This exercise calls for the records to be returned exactly, with images removed.

Caption-style text data:
Segment Open

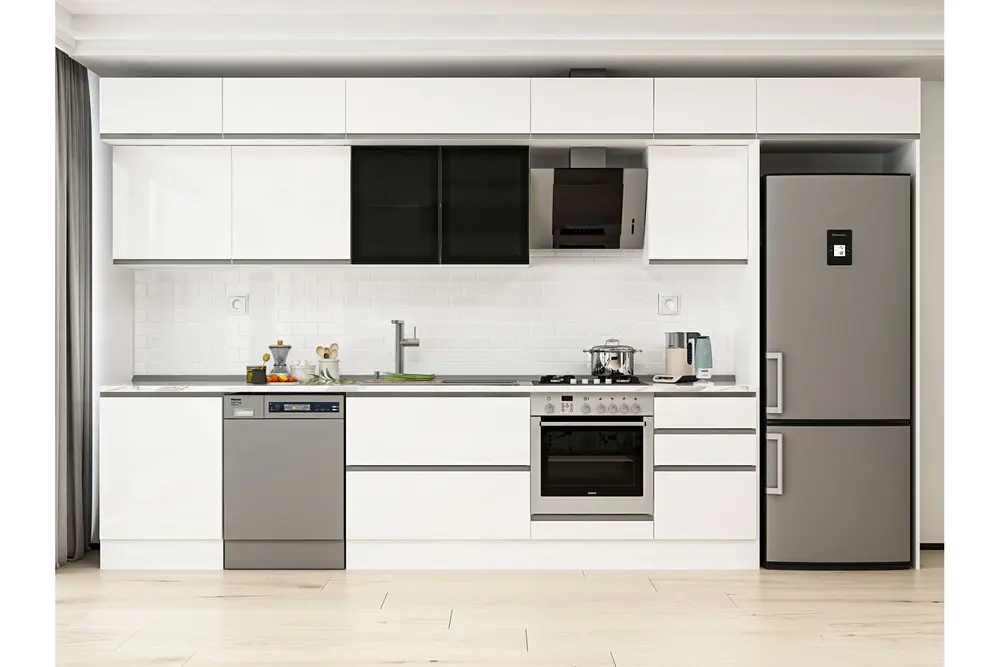 Alvinka 390X240 Cm Mutfak Dolabı, Mb E80S60S50 3 Beyaz Suntalam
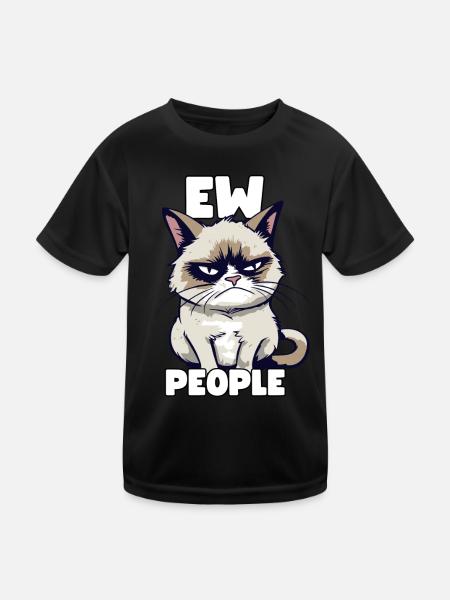 Sarcastic Grump Cat Ew, People Funny Saying - Kids Functional T-Shirt - black - Front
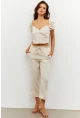 Kadın Vanilya Alt-Üst Keten Takım PP7440
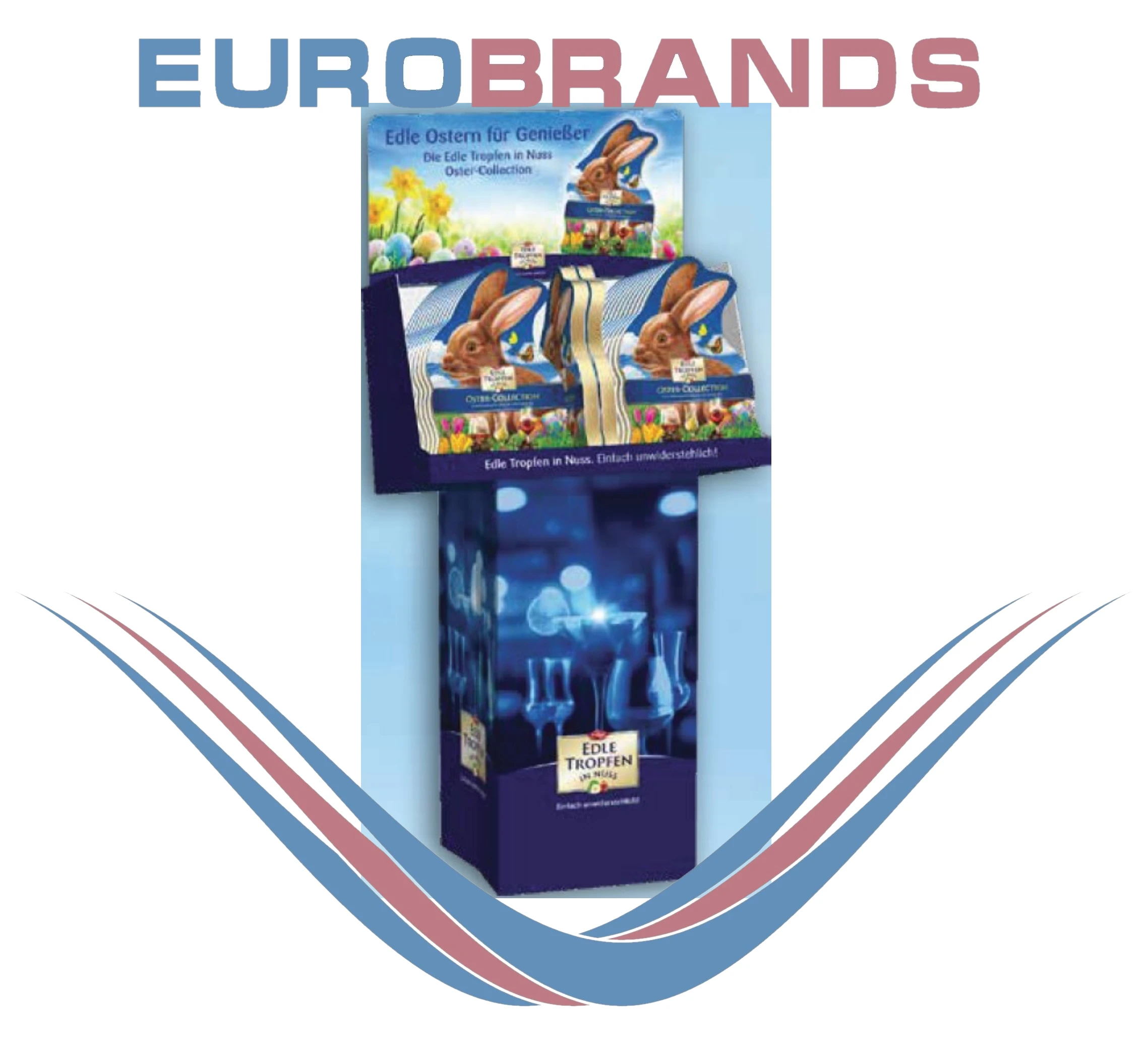 Trumpf Easter Edle Tropfen in Nuss Oster-Collection 300g Hase, 300g, Display, 26pcs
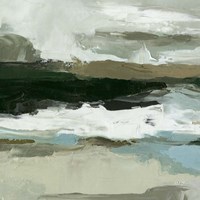 Framed 'Textured Ocean Tide I' border=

Segment Closed

Solution to this task:
 Alvinka 390X240 Cm Mutfak Dolabı, Mb E80S60S50 3 Beyaz Suntalam
 Sarcastic Grump Cat Ew, People Funny Saying - Kids Functional T-Shirt - black - Front
 Kadın Vanilya Alt-Üst Keten Takım PP7440
 Trumpf Easter Edle Tropfen in Nuss Oster-Collection 300g Hase, 300g, Display, 26pcs
 Framed 'Textured Ocean Tide I' border=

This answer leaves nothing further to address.